# [What the task requires]
Extract the listing in its entirety, keeping each line identical to the original.
────────────────────
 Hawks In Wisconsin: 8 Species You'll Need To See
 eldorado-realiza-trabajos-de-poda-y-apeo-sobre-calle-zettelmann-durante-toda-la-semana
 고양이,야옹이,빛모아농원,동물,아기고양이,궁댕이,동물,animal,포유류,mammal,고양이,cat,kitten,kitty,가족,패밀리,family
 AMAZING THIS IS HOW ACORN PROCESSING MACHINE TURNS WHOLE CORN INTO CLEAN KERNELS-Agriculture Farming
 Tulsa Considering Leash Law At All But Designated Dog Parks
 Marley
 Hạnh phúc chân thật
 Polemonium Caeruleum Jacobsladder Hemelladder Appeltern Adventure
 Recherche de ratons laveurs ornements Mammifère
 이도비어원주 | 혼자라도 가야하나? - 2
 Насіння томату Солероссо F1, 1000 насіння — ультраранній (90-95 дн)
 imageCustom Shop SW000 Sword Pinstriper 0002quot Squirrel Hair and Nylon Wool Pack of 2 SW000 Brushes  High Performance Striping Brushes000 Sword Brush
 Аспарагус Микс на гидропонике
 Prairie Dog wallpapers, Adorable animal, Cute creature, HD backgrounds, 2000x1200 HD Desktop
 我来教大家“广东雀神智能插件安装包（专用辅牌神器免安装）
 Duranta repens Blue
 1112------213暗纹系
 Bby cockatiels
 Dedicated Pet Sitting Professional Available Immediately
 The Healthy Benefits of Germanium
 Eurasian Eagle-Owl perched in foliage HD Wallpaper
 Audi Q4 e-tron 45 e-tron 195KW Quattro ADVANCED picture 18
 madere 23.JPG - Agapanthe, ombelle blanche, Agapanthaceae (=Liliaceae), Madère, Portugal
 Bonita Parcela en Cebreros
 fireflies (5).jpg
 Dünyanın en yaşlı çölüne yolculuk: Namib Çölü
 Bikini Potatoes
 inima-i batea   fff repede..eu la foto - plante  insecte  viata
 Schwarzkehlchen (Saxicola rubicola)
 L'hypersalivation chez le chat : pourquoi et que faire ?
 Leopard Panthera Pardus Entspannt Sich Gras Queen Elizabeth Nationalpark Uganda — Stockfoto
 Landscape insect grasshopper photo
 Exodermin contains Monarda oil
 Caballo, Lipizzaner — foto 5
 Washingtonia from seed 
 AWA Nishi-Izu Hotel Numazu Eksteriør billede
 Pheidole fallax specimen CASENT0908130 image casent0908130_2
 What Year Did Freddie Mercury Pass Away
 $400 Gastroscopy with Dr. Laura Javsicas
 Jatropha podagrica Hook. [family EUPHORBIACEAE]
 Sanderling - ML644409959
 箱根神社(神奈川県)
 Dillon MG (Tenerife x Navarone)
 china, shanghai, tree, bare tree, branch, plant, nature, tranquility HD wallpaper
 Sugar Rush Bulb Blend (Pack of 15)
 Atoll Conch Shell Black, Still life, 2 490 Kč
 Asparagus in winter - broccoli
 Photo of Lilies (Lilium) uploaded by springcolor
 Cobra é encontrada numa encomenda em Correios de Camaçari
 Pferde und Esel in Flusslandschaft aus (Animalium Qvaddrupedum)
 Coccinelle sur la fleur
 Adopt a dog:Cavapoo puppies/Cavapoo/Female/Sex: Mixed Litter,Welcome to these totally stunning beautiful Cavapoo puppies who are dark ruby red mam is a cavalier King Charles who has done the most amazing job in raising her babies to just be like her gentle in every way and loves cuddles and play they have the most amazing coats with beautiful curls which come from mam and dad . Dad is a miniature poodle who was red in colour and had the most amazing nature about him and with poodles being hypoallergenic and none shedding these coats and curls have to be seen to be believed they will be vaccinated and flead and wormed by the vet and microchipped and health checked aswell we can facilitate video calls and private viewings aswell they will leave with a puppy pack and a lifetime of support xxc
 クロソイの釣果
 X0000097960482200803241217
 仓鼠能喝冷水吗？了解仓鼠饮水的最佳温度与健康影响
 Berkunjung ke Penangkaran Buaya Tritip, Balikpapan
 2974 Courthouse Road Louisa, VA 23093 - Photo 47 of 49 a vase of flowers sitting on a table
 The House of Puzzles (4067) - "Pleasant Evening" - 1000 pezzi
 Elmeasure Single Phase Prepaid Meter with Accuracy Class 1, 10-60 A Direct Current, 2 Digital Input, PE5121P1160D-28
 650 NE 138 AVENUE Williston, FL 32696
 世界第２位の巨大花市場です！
────────────────────
# [Task solution]
 Hawks In Wisconsin: 8 Species You'll Need To See
 eldorado-realiza-trabajos-de-poda-y-apeo-sobre-calle-zettelmann-durante-toda-la-semana
 고양이,야옹이,빛모아농원,동물,아기고양이,궁댕이,동물,animal,포유류,mammal,고양이,cat,kitten,kitty,가족,패밀리,family
 AMAZING THIS IS HOW ACORN PROCESSING MACHINE TURNS WHOLE CORN INTO CLEAN KERNELS-Agriculture Farming
 Tulsa Considering Leash Law At All But Designated Dog Parks
 Marley
 Hạnh phúc chân thật
 Polemonium Caeruleum Jacobsladder Hemelladder Appeltern Adventure
 Recherche de ratons laveurs ornements Mammifère
 이도비어원주 | 혼자라도 가야하나? - 2
 Насіння томату Солероссо F1, 1000 насіння — ультраранній (90-95 дн)
 imageCustom Shop SW000 Sword Pinstriper 0002quot Squirrel Hair and Nylon Wool Pack of 2 SW000 Brushes  High Performance Striping Brushes000 Sword Brush
 Аспарагус Микс на гидропонике
 Prairie Dog wallpapers, Adorable animal, Cute creature, HD backgrounds, 2000x1200 HD Desktop
 我来教大家“广东雀神智能插件安装包（专用辅牌神器免安装）
 Duranta repens Blue
 1112------213暗纹系
 Bby cockatiels
 Dedicated Pet Sitting Professional Available Immediately
 The Healthy Benefits of Germanium
 Eurasian Eagle-Owl perched in foliage HD Wallpaper
 Audi Q4 e-tron 45 e-tron 195KW Quattro ADVANCED picture 18
 madere 23.JPG - Agapanthe, ombelle blanche, Agapanthaceae (=Liliaceae), Madère, Portugal
 Bonita Parcela en Cebreros
 fireflies (5).jpg
 Dünyanın en yaşlı çölüne yolculuk: Namib Çölü
 Bikini Potatoes
 inima-i batea   fff repede..eu la foto - plante  insecte  viata
 Schwarzkehlchen (Saxicola rubicola)
 L'hypersalivation chez le chat : pourquoi et que faire ?
 Leopard Panthera Pardus Entspannt Sich Gras Queen Elizabeth Nationalpark Uganda — Stockfoto
 Landscape insect grasshopper photo
 Exodermin contains Monarda oil
 Caballo, Lipizzaner — foto 5
 Washingtonia from seed 
 AWA Nishi-Izu Hotel Numazu Eksteriør billede
 Pheidole fallax specimen CASENT0908130 image casent0908130_2
 What Year Did Freddie Mercury Pass Away
 $400 Gastroscopy with Dr. Laura Javsicas
 Jatropha podagrica Hook. [family EUPHORBIACEAE]
 Sanderling - ML644409959
 箱根神社(神奈川県)
 Dillon MG (Tenerife x Navarone)
 china, shanghai, tree, bare tree, branch, plant, nature, tranquility HD wallpaper
 Sugar Rush Bulb Blend (Pack of 15)
 Atoll Conch Shell Black, Still life, 2 490 Kč
 Asparagus in winter - broccoli
 Photo of Lilies (Lilium) uploaded by springcolor
 Cobra é encontrada numa encomenda em Correios de Camaçari
 Pferde und Esel in Flusslandschaft aus (Animalium Qvaddrupedum)
 Coccinelle sur la fleur
 Adopt a dog:Cavapoo puppies/Cavapoo/Female/Sex: Mixed Litter,Welcome to these totally stunning beautiful Cavapoo puppies who are dark ruby red mam is a cavalier King Charles who has done the most amazing job in raising her babies to just be like her gentle in every way and loves cuddles and play they have the most amazing coats with beautiful curls which come from mam and dad . Dad is a miniature poodle who was red in colour and had the most amazing nature about him and with poodles being hypoallergenic and none shedding these coats and curls have to be seen to be believed they will be vaccinated and flead and wormed by the vet and microchipped and health checked aswell we can facilitate video calls and private viewings aswell they will leave with a puppy pack and a lifetime of support xxc
 クロソイの釣果
 X0000097960482200803241217
 仓鼠能喝冷水吗？了解仓鼠饮水的最佳温度与健康影响
 Berkunjung ke Penangkaran Buaya Tritip, Balikpapan
 2974 Courthouse Road Louisa, VA 23093 - Photo 47 of 49 a vase of flowers sitting on a table
 The House of Puzzles (4067) - "Pleasant Evening" - 1000 pezzi
 Elmeasure Single Phase Prepaid Meter with Accuracy Class 1, 10-60 A Direct Current, 2 Digital Input, PE5121P1160D-28
 650 NE 138 AVENUE Williston, FL 32696
 世界第２位の巨大花市場です！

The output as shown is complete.